Slashdot Mirror


Server Monitoring With Munin And Monit

hausmasta writes "In this article I will describe how to monitor your server with munin and monit. munin produces nifty little graphics about nearly every aspect of your server (load average, memory usage, CPU usage, MySQL throughput, eth0 traffic, etc.) without much configuration, whereas monit checks the availability of services like Apache, MySQL, Postfix and takes the appropriate action such as a restart if it finds a service is not behaving as expected. The combination of the two gives you full monitoring: graphics that lets you recognize current or upcoming problems (like "We need a bigger server soon, our load average is increasing rapidly."), and a watchdog that ensures the availability of the monitored services."

9 of 124 comments (clear)

  1. But can I run this on Windows? by Steve_Jobs_HNIC · · Score: 5, Funny

    .... been waiting a while to say that.
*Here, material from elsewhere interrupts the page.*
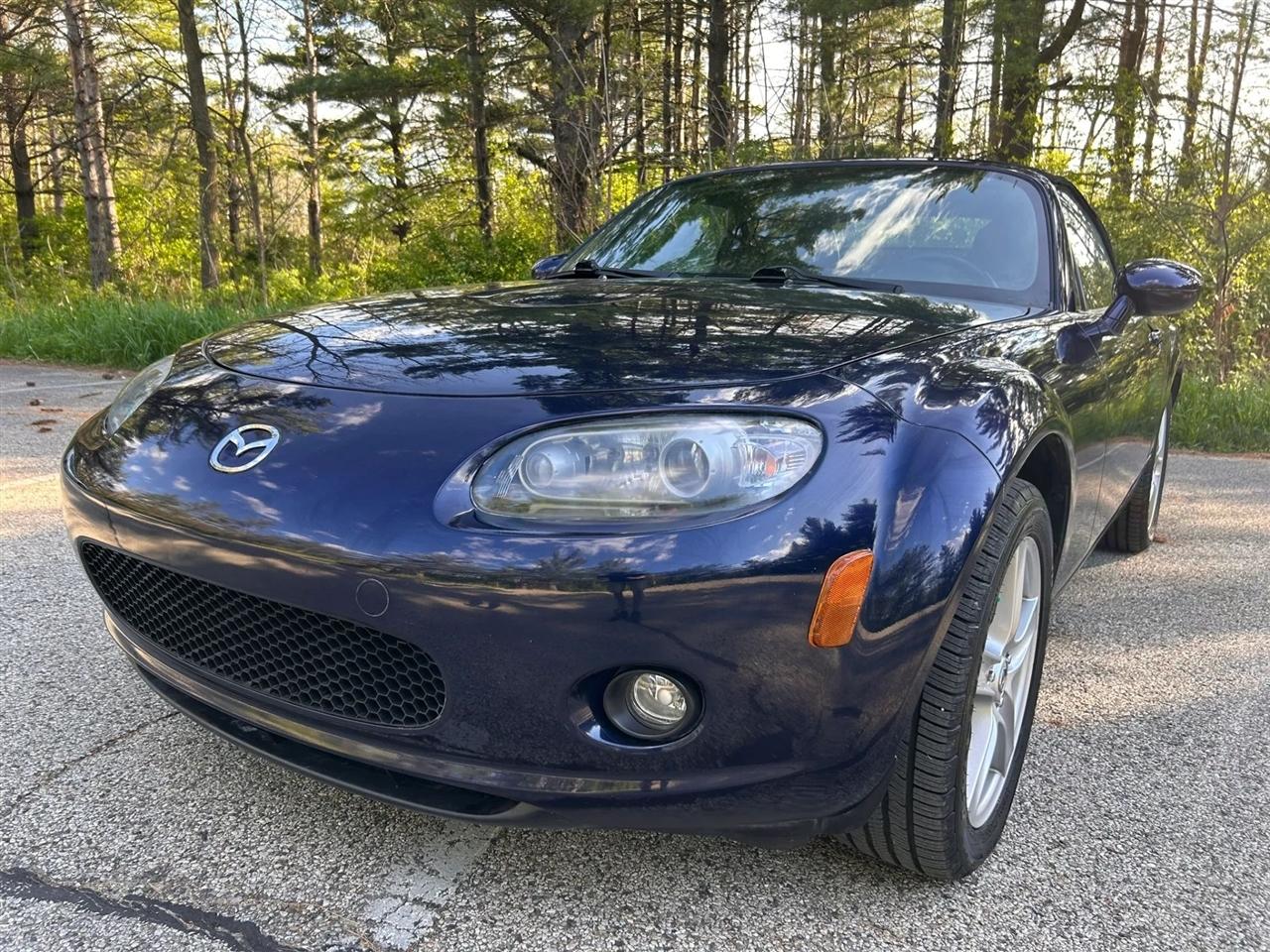Mazda MX-5 Miata  2007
  2. Cacti by mtenhagen · · Score: 4, Insightful

    How is this different from cacti?

    --
    200GB/2TB $7.95 Coupon: SAVE90DOLLAR
    1. Re:Cacti by isolationism · · Score: 3, Informative

      Munin isn't at all different from Cacti, really, except that Cacti is 100% web based and perhaps a bit more mature (I use Cacti and like it a lot more than at least 4-5 other similar products out there). Cacti won't do service-testing though; maybe this is a good walkthrough for people who just want something up and running in 15 minutes (I wouldn't know, I'm not inclined to read the whole thing since a cursory glance shows there's nothing here that I don't have a running alternative for already).
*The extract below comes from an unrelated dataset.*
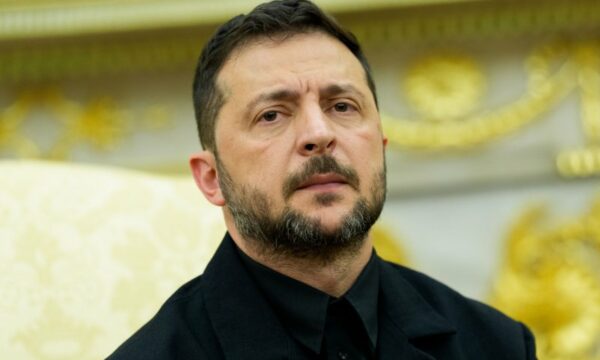 Zelensky: Sulme të reja ruse në infrastrukturën civile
  3. Automatic restarts are bad by Erik+Hensema · · Score: 5, Insightful
    • A restart usually kills hanging processes, making the actual cause of the hang impossible to determine afterwards.
    • Automatic restarts make some admins lazy. Instead of debugging the problem, they accept apache/whatever service is restarted once a day.

    However, making graphs and monitoring your services is a very good thing. Graphs are invaluable in determining trends, such as memory leaks or steadily increasing load. Monitoring saves lots of downtime and unhappy customers ;-)

    Personally I use nagios for monitoring and DIY scripts for graphing. The latter mostly because I started making graphs before decent of-the-shelf software was available ;-)

    PS. what's this subject got to do with debian?

    --

    This is your sig. There are thousands more, but this one is yours.

    1. Re:Automatic restarts are bad by Jeff+DeMaagd · · Score: 3, Insightful

      Point taken, but I think an automatic restart is necessary to minimize intrusions into off-work-time with maintainaince and such. If the service hangs and there's no one there to tend to it, then it will stay hung until someone notices. This is not good if you want to keep going and not lose potential business if the site is down.

      Anyway, I'm glad I'm not a server admin. I'd like to live my private life NOT being on-call.

  4. Seems a lot less clunky than Nagios or Cacti by Burv · · Score: 3, Informative
    I've tried both Nagios and Cacti for years. They work great, are very feature rich, and seem to have a strong community.

    The one thing that annoys me about them is that, out of the box, they don't have much configured, and to install/configure stuff, you have to jump through a lot of hoops.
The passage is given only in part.